[[ Supplied records, beginning ]]

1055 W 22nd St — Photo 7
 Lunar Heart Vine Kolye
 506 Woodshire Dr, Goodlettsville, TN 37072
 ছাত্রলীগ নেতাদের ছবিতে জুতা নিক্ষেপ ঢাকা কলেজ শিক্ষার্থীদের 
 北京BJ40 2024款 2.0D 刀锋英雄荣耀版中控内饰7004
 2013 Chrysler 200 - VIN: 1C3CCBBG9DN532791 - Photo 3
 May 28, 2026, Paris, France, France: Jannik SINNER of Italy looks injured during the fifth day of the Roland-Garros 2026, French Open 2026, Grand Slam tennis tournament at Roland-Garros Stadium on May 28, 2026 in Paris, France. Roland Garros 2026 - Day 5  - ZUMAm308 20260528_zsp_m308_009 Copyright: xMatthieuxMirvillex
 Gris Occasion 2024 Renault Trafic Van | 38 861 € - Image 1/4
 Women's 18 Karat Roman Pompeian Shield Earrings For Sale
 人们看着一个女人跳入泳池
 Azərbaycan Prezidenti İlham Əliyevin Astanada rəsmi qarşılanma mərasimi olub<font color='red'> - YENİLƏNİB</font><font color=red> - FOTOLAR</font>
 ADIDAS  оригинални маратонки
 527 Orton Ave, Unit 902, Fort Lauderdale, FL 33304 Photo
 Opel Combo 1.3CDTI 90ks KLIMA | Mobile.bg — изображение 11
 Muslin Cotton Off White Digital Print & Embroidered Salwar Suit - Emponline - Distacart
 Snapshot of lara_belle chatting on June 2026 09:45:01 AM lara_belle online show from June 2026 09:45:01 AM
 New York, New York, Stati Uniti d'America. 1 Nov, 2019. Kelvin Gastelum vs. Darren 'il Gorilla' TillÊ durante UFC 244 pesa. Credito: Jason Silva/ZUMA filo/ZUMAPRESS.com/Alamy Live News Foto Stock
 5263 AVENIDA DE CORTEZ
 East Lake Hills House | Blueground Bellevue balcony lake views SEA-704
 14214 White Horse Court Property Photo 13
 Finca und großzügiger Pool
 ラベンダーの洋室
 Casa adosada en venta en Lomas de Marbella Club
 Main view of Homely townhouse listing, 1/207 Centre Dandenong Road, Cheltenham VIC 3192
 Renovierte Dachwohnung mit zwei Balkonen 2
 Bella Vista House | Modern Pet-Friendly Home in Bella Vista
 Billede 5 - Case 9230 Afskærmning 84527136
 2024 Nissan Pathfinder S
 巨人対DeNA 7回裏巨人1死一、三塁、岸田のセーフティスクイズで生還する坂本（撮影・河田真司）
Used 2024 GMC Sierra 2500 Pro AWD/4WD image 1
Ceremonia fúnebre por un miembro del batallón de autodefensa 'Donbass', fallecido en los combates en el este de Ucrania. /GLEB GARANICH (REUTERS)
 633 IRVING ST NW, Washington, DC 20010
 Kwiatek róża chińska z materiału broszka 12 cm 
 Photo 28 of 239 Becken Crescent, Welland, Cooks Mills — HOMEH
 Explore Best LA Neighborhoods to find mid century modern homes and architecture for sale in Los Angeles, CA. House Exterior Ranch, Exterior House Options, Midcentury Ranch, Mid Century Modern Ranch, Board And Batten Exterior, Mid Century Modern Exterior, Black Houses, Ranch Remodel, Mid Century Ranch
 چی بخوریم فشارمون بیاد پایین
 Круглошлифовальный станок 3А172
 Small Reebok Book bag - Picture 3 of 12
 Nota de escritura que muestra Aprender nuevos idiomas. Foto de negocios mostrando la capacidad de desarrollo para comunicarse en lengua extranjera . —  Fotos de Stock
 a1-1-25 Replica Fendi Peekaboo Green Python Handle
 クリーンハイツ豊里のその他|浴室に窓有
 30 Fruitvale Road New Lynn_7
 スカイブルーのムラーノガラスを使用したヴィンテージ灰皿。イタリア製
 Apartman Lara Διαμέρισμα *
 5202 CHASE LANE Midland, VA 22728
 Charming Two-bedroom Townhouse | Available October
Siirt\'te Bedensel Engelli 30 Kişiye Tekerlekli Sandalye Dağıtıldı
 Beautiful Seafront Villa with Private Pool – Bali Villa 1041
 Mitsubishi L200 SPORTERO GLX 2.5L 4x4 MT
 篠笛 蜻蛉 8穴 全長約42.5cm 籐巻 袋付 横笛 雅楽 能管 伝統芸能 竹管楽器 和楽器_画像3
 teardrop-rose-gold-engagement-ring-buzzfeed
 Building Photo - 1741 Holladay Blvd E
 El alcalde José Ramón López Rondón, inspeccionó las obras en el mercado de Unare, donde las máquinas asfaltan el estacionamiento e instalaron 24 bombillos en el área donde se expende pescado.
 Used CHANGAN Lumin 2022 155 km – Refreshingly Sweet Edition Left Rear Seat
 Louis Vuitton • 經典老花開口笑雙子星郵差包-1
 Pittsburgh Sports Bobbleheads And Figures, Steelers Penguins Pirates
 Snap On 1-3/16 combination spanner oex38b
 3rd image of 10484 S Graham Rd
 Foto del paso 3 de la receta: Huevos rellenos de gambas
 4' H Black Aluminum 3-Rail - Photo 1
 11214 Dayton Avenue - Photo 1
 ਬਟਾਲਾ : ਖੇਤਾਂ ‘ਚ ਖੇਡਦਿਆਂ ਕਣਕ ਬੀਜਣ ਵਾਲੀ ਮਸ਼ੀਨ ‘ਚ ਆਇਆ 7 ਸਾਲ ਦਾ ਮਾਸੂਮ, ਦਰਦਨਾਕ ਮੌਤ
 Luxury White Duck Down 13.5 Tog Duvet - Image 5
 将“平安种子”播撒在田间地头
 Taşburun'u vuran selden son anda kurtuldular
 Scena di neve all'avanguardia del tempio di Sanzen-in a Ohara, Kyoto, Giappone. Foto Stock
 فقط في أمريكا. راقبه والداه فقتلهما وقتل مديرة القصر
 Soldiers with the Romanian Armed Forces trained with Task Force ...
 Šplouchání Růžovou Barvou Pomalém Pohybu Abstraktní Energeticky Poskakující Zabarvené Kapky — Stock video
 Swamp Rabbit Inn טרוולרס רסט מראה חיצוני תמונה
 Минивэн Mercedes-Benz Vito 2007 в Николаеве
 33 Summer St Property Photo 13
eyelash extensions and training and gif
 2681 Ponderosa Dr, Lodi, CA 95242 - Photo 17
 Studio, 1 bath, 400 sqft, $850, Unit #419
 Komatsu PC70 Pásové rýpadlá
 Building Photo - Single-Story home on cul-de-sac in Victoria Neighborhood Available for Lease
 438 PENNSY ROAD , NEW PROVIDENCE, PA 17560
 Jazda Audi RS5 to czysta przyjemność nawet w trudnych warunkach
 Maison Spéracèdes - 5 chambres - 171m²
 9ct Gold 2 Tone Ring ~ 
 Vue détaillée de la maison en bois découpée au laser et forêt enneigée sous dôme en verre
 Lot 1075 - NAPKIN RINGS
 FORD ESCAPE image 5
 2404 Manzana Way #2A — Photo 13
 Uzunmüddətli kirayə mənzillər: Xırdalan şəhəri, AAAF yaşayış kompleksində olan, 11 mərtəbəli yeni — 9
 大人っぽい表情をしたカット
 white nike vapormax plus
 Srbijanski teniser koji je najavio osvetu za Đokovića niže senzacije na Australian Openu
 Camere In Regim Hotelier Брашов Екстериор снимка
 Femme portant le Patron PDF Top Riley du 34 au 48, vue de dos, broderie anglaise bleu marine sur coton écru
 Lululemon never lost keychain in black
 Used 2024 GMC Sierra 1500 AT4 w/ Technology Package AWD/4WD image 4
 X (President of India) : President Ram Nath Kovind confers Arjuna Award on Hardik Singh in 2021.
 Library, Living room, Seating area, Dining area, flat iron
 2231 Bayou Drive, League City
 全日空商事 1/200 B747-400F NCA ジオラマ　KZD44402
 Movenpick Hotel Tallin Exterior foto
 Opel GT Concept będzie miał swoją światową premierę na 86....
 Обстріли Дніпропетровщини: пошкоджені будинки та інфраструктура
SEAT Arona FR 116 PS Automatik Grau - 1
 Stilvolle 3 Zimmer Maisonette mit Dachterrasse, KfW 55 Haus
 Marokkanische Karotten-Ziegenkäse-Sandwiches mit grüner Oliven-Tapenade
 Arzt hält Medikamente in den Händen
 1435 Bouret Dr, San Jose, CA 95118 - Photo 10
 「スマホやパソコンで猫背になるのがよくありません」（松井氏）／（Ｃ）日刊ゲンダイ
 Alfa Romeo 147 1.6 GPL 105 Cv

[[ Supplied records, end ]]

### Exercise instructions
Each line above where the word "Used" occurs should be copied out.

### Completed task
Used 2024 GMC Sierra 2500 Pro AWD/4WD image 1
 Used CHANGAN Lumin 2022 155 km – Refreshingly Sweet Edition Left Rear Seat
 Used 2024 GMC Sierra 1500 AT4 w/ Technology Package AWD/4WD image 4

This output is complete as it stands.